Cuba Vows To Continue Elian Rallies

 
 Focus to Turn to Trade, Immigration

                  By Karen DeYoung
                  Washington Post Staff Writer

                  HAVANA, July 1—The Cuban government unveiled its plans today for
                  the "post-Elian" battle against the United States, claiming the support of
                  world opinion and a majority of Americans in its opposition to U.S.
                  immigration and trade policies toward the island.

                  Foreign Minister Felipe Perez Roque announced that the mass Elian rallies
                  that have been held in a different city around the country each Saturday
                  since December would continue indefinitely, along with round-table
                  discussions among senior government members and Communist Party
                  faithful broadcast live every weekday afternoon. But instead of Elian, the
                  focus will be on trade and immigration.

                  "What's going to happen now that the boy is back home?" Perez Roque
                  asked a crowd of more than 250,000 at this morning's rally in the southern
                  city of Manzanillo. "We're going to continue the struggle with more force
                  than ever against the causes that led to the cruel kidnapping of Elian
                  Gonzalez."

                  Today's rally marked the culmination of intense government discussions
                  over the past several weeks on how to channel public emotion over the
                  6-year-old's plight into the more familiar propaganda against the
                  decades-old U.S. trade embargo and the Cuban Adjustment Act.

                  Havana maintains that the 1996 law, which grants special immigration
                  privileges to Cubans, encourages them to flee the country.

                  It is always difficult to gauge reaction to government pronouncements here
                  beyond the enthusiastic crowds bused in for official events such as this
                  morning's in Manzanillo. Havana residents seemed to go about their usual
                  Saturday business, and satisfaction expressed over Elian's return last week
                  appeared matched by relief that the daily round-table discussions would be
                  reduced from three hours to 1 hour 45 minutes and would preempt regular
                  programming on only one of Cuba's two television stations.

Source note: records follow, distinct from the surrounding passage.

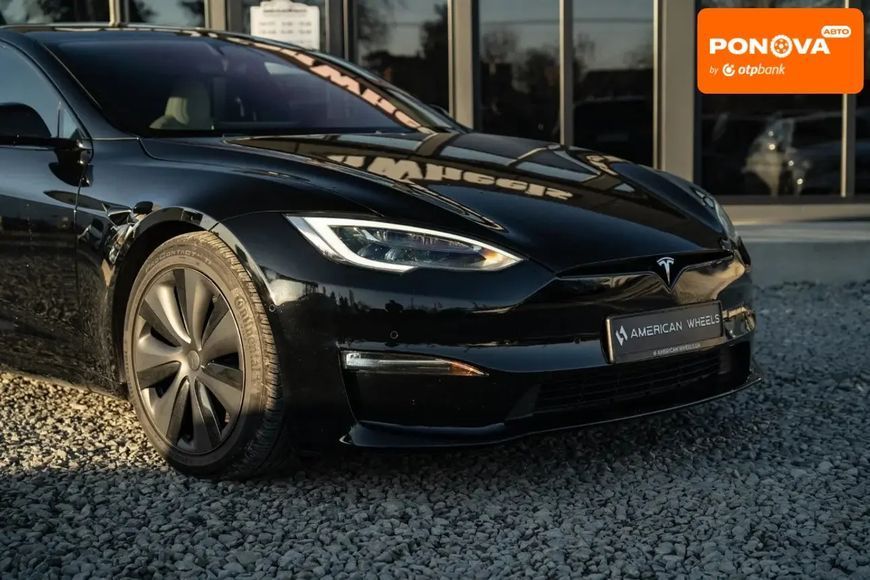 Tesla Model S, 2021 г., Електро, 23 тыс. км, Лифтбек, Чорный, Черновцы AT-10406463 фото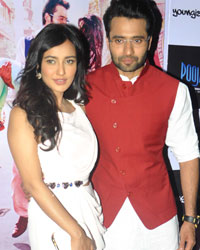 Neha Sharma and Jackie Bhagnani Neha Sharma and Jackie Bhagnani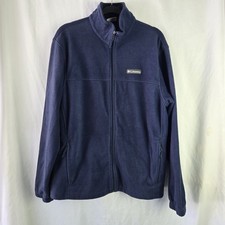 Columbia Fleece Jacket Mens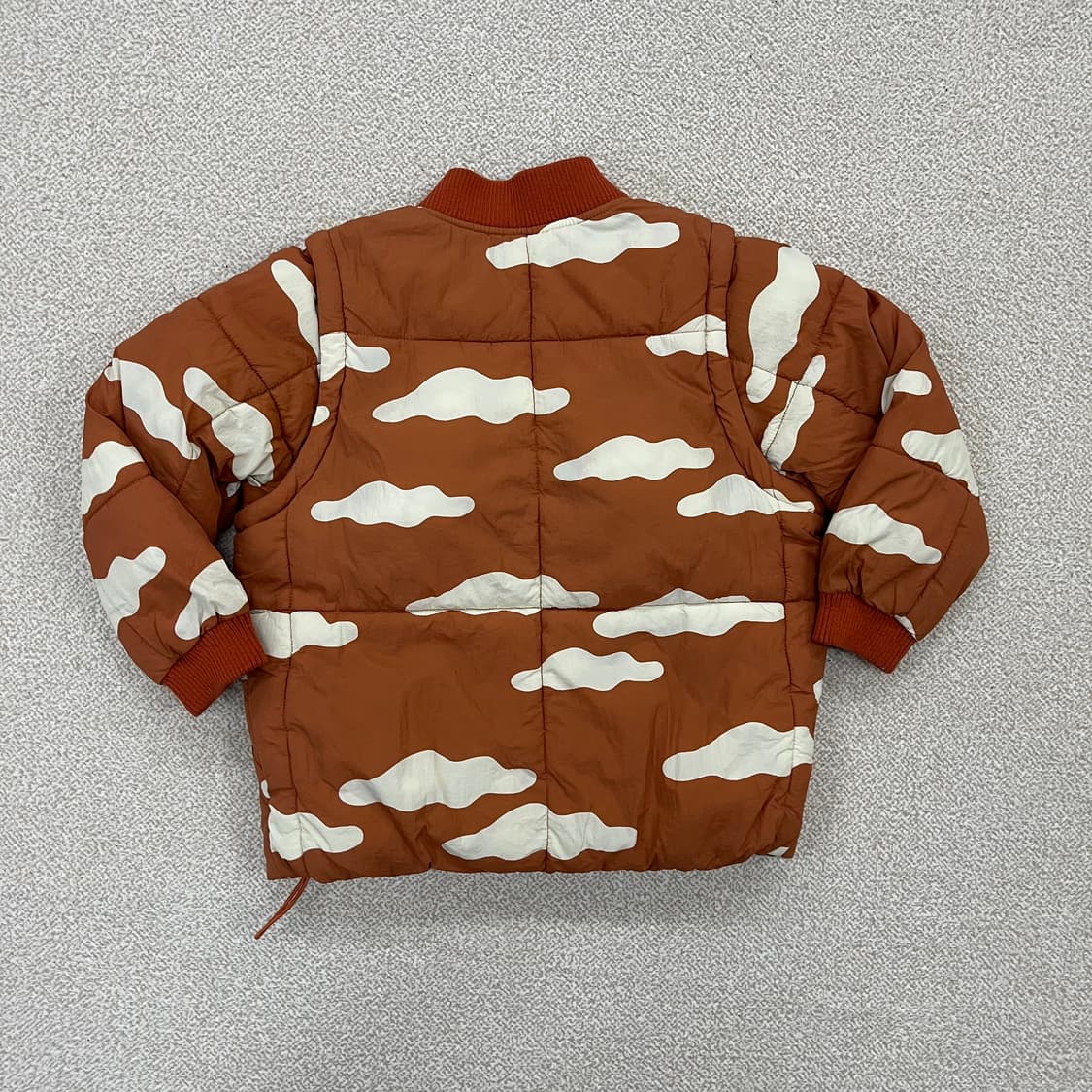 [110/4세] 보보쇼즈 키즈 아동 패딩 자켓 (조끼분리) 3968 상품이미지2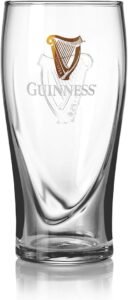 Guinness Gravity Official Beer Pint Glass (1-Pack, 20 oz)
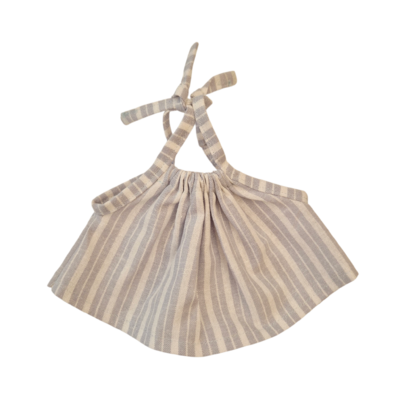 LISON-CHEMISE BRETELLE BLEU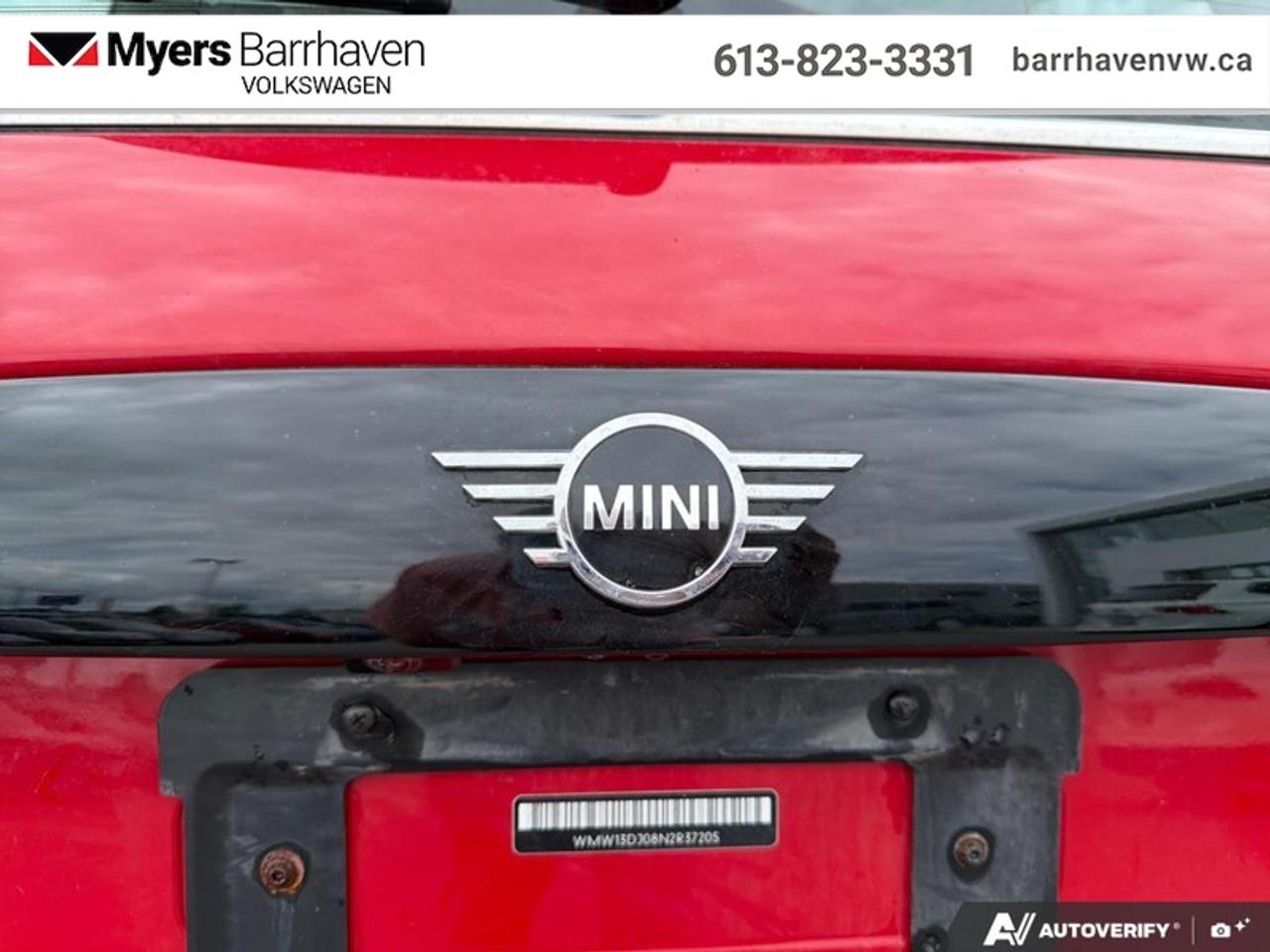 2022 MINI 3 Door Cooper SE  - Navigation -  Heated Seats Photo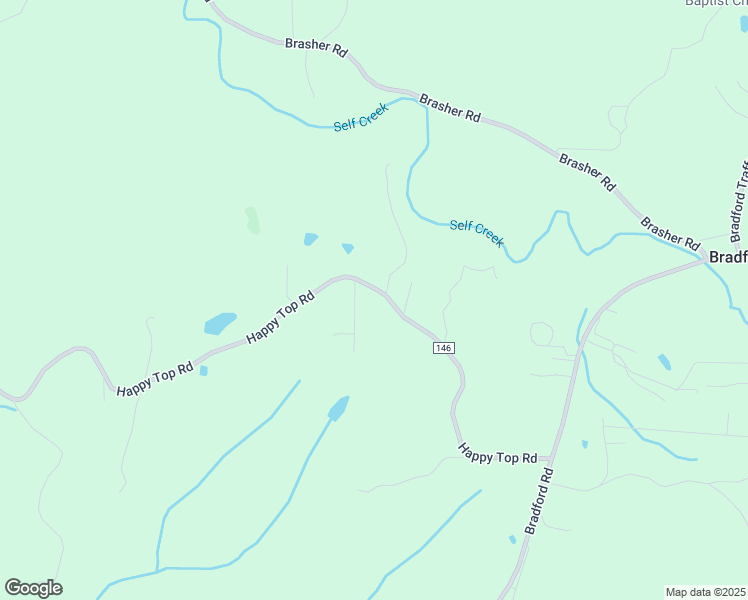 map of restaurants, bars, coffee shops, grocery stores, and more near 3004 Happy Top Road in Morris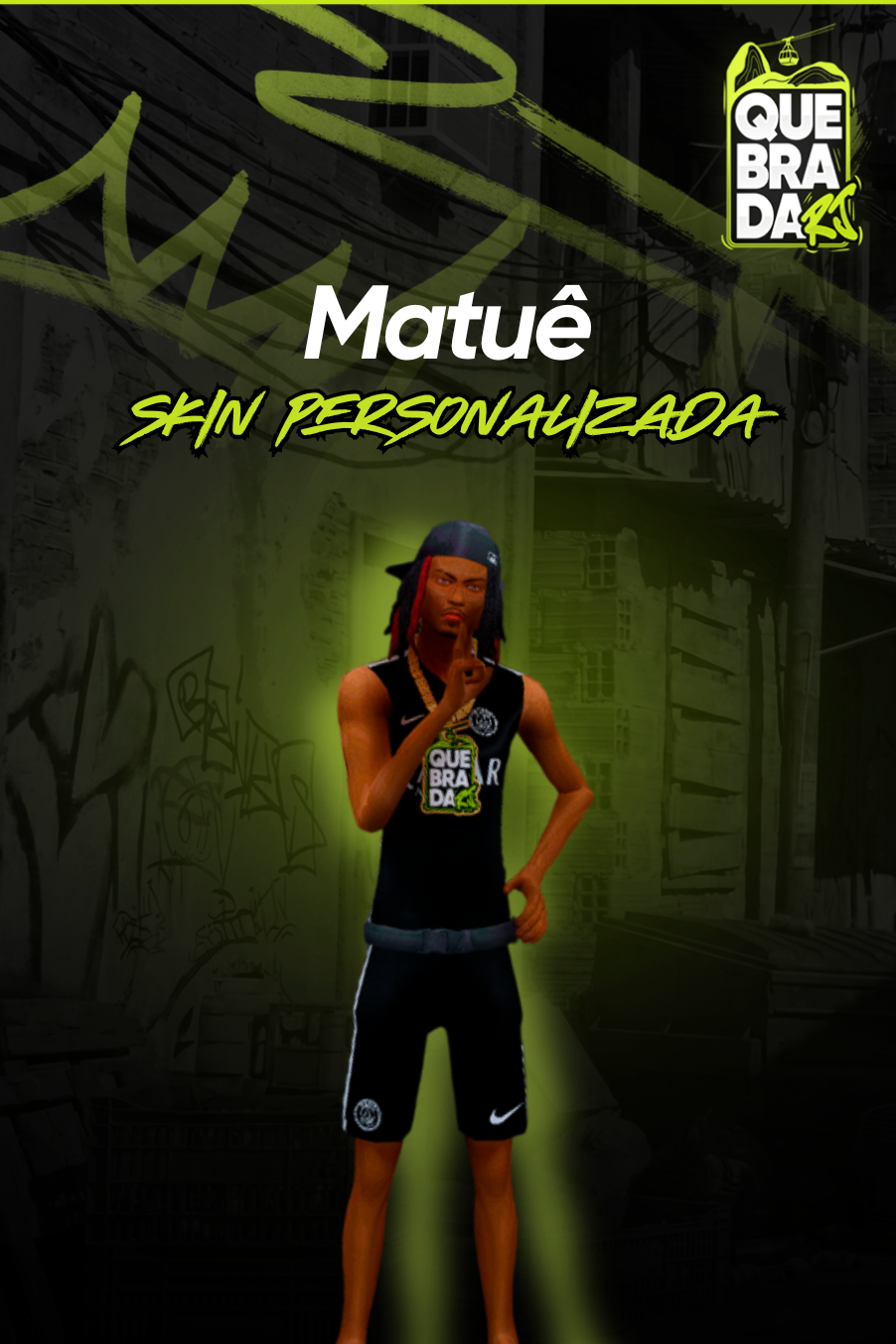 Skin Matuê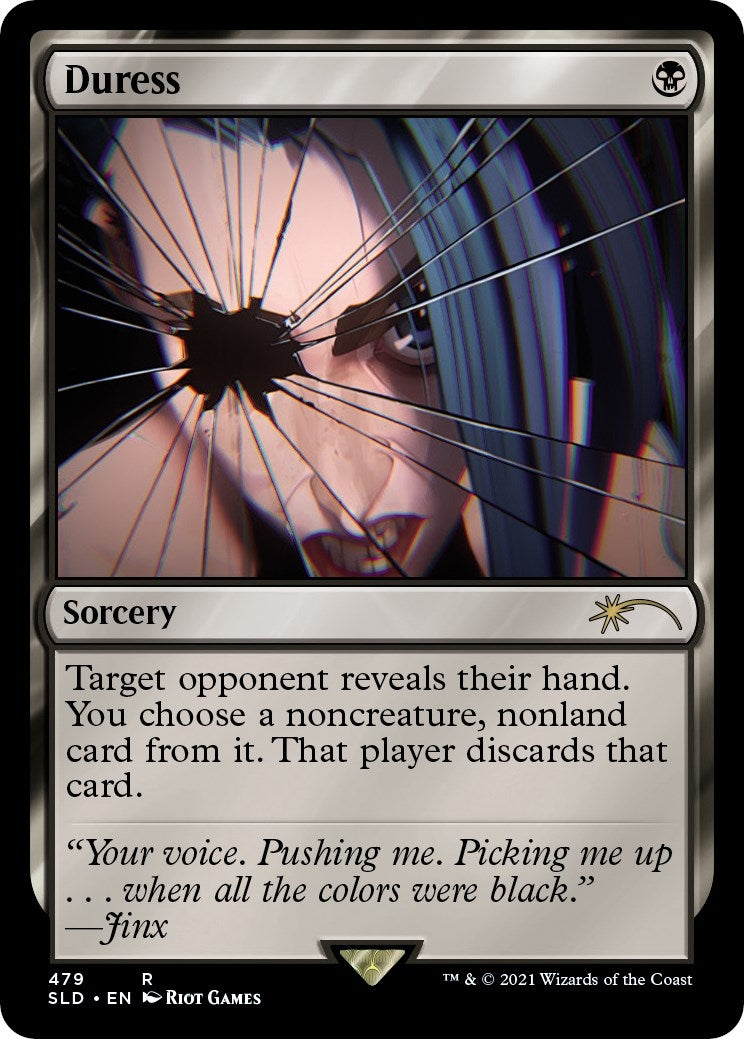 Image for Duress (479) (SLD) - Magic: The Gathering
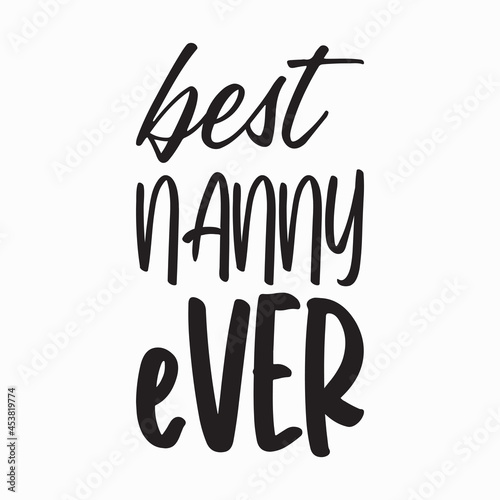 best nanny ever quote letter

                  President Fidel Castro did not attend the rally, spending the morning
                  instead at a graduation ceremony for military students. The ceremony was
                  held in an amphitheater that was specially constructed for Elian rallies
                  facing the U.S. Interests Section, along the Havana waterfront.

                  But in a message read at the Manzanillo rally, Castro said: "It has only
                  been a few hours since the emotional homecoming of Elian and [his father]
                  Juan Miguel . . . and the renewal of our ceaseless struggle into a new,
                  extended phase. We are not people who rest on our laurels or flaunt our
                  victories."

                  "We don't care who becomes the next U.S. president," he said. "None of
                  the aspirants inspires confidence in us. It's useless for them to try to win a
                  few voters by investing unnecessary time in declarations and promises
                  against Cuba. . . . Four decades of underestimation and humiliating failure
                  should be enough" for Washington to realize that "Cuba was, is and will
                  continue to be free forever."

                  Cuba carefully monitored U.S. public opinion throughout Elian's seven
                  months in the United States. Repeated statements noted with approval
                  U.S. polls indicating that the majority of Americans favored the boy's
                  return to Cuba, including as many as 90 percent of African Americans, and
                  that the tide of opinion had begun to turn against U.S. sanctions.

                  Government media have given extensive coverage to the U.S. controversy
                  over the death penalty and described condemned or recently executed
                  African Americans as revolutionary martyrs. A surprise guest at today's
                  rally was Mazia Jamal, the son of Mumia Abu-Jamal, whose death
                  sentence in connection with the 1981 killing of a Philadelphia policeman
                  has become a cause celebre among anti-capital punishment activists in the
                  United States.

                  "I feel sad to live in a nation that claims to have been created in the name of
                  freedom," Jamal told the cheering crowd.